Il borgo di Nosedo

A cura della Fondazione Milano Policroma
Testo di Riccardo Tammaro

Nello scorso articolo abbiamo esaminato la storia del borgo, e siamo giunti al quattordicesimo secolo. Ad esso segue un periodo di cui non si hanno notizie certe, se non che il luogo cadde nell'anonimato, con conseguente degrado degli edifici.
L'ultima testimonianza storica legata a Nosedo risale al 1848: la sera del 4 agosto il conte Salasco, che avrebbe poi dato il nome al celebre armistizio, si recò, accompagnato dai generali Lazzari e Rossi, verso San Donato, ove avrebbe incontrato il maresciallo Radetzky onde parlamentare.
Percorrendo via San Dionigi, proprio all'altezza delle Cascine di Nosedo i tre finirono sotto il fuoco dei fucili degli austriaci che, incuranti della bandiera bianca (illuminata da un'apposita lanterna) cercavano di impedire l'armistizio.

Che cosa è rimasto di Nosedo e della sua storia ai giorni nostri? Un certo numero di cascine, a partire da quella che porta il nome del borgo, sita al termine di viale Omero, fino a quelle distribuite lungo la via Fabio Massimo e al principio del tratto di via San Dionigi che va da viale Omero a Chiaravalle. Esse ci testimoniano il passato rurale del borgo, già ricordato in questi articoli.
Ma il gioiello del borgo, tuttora visibile, è senza dubbio l'oratorio dei Santi Filippo e Giacomo, sito nei pressi della cascina all'angolo tra le vie Fabio Massimo e San Dionigi.
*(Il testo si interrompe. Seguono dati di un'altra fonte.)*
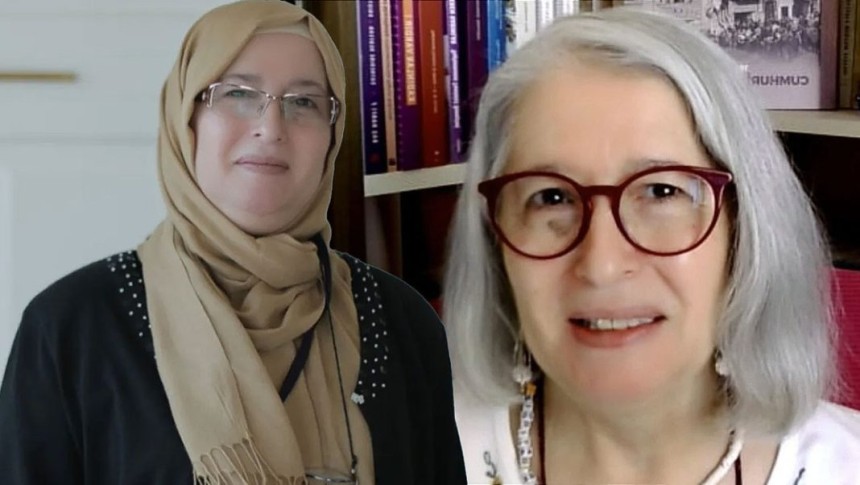 Diyanet'in hutbesine tepki olarak başörtüsünü çıkardı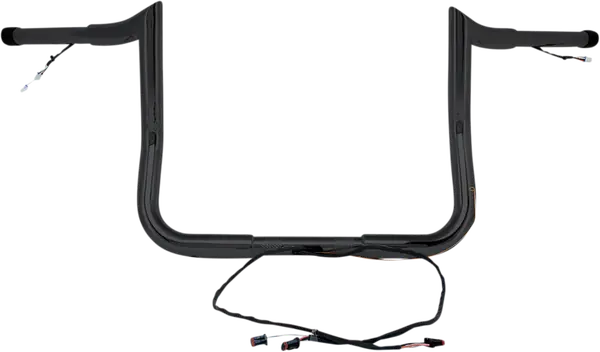 Vezi acum Pre-wired Monkey Bar Handlebar Black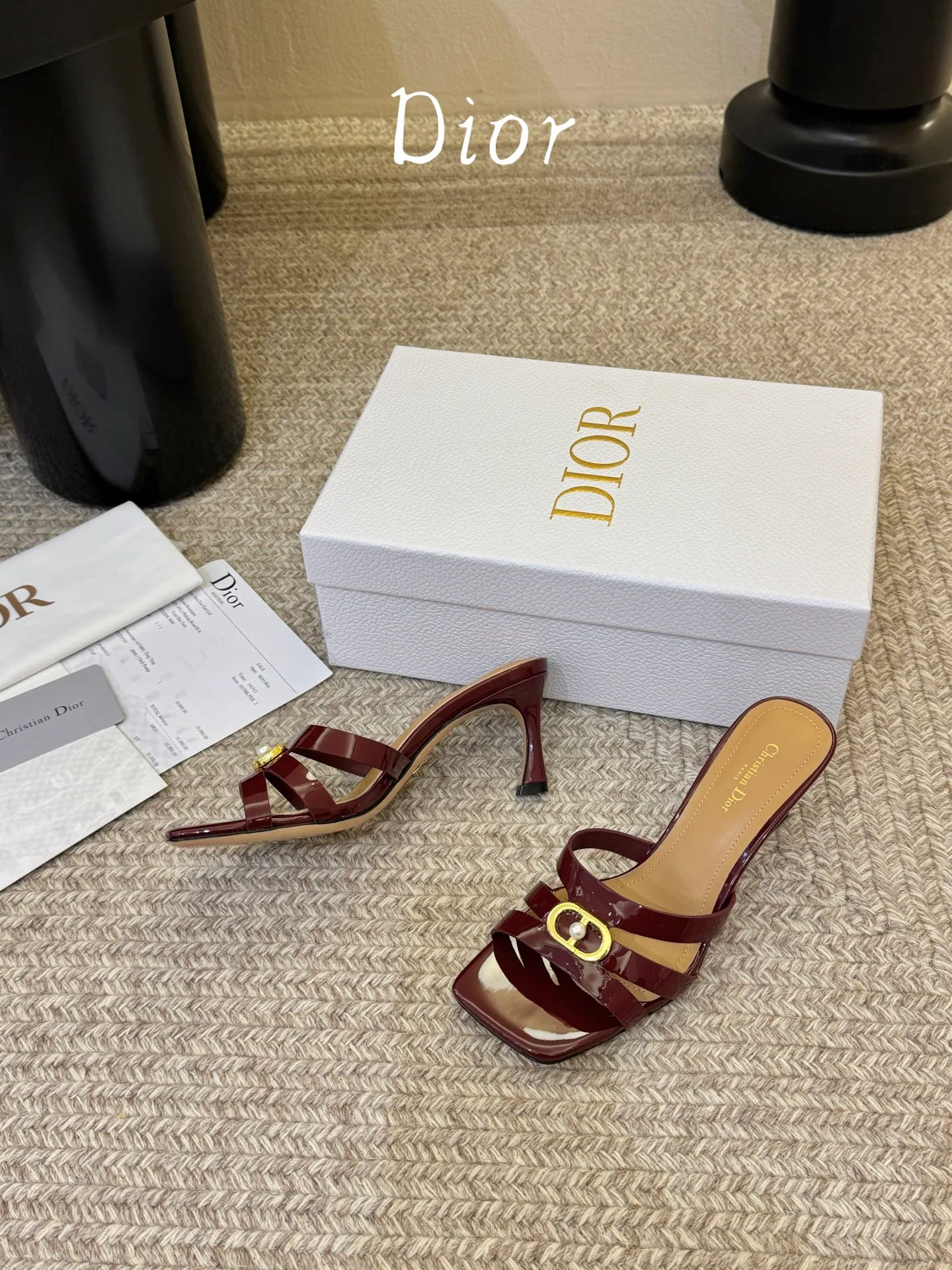 Босоножки Женские Christian Dior 11430789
Originariamente questa chiesa, che pare sia sorta nel sesto secolo nel luogo ove si trovava precedentemente un tempietto pagano, era dedicata a San Giorgio (come indicato in un documento del 1277), mentre nel 1291 assunse la intitolazione a San Giacomo e quindi, in via definitiva, quella ai Santi Filippo e Giacomo.
Una leggenda che si tramanda sostiene che la chiesetta originaria ospitò le spoglie del vescovo Onorato (vissuto nel VI secolo e citato nello scorso articolo) finchè queste vennero traslate nella basilica milanese di Sant'Eustorgio.
All'interno, sulla parete absidale, si trova un rarissimo affresco del tardo Trecento: un "Cristo benedicente" inserito in un ovale, attorniato da santi ed angeli, al di sopra del quale una fascia a motivi floreali è periodata da volti di santi, inscritti in circonferenze. La fuga di angeli su entrambi i lati copriva anche le pareti laterali, come è tuttora possibile intuire dalle tracce di affresco sulle pareti laterali, in particolare la parete destra.
Al di sopra, è visibile la travatura originaria del soffitto, protetta come l'affresco da una controsoffittatura che ne ha consentito la conservazione fino ai nostri giorni.

Notevoli anche alcuni manufatti in marmo: l'altare, su cui è stato posto un dipinto di epoca recente, la balaustra, che separa l'area destinata al celebrante da quella destinata al pubblico; la pila dell'acqua santa, sulla destra entrando, attorniata da piante fiorite, ed il piccolo gradevole bassorilievo raffigurante San Giovanni Battista, posto sulla parete absidale.
Un discorso a parte meritano le lapidi, tutte poste sulla controfacciata: due sono ottocentesche, e ricordano il restauro eseguito nel 1835 dal marchese di Persia, Giuseppe Parravicini, e il privilegio della Messa festiva concesso l'anno successivo ai proprietari terrieri.
Una di esse è invece paleocristiana: risale al 536, e fa riferimento alla sepoltura di un certo Car... (il nome è solo parzialmente leggibile, ed anche la erre potrebbe essere scambiata per una effe), morto a sessantatrè anni durante il consolato di Paolino il Giovane (definito nella lapide "vir clarissimus", ossia personaggio molto noto).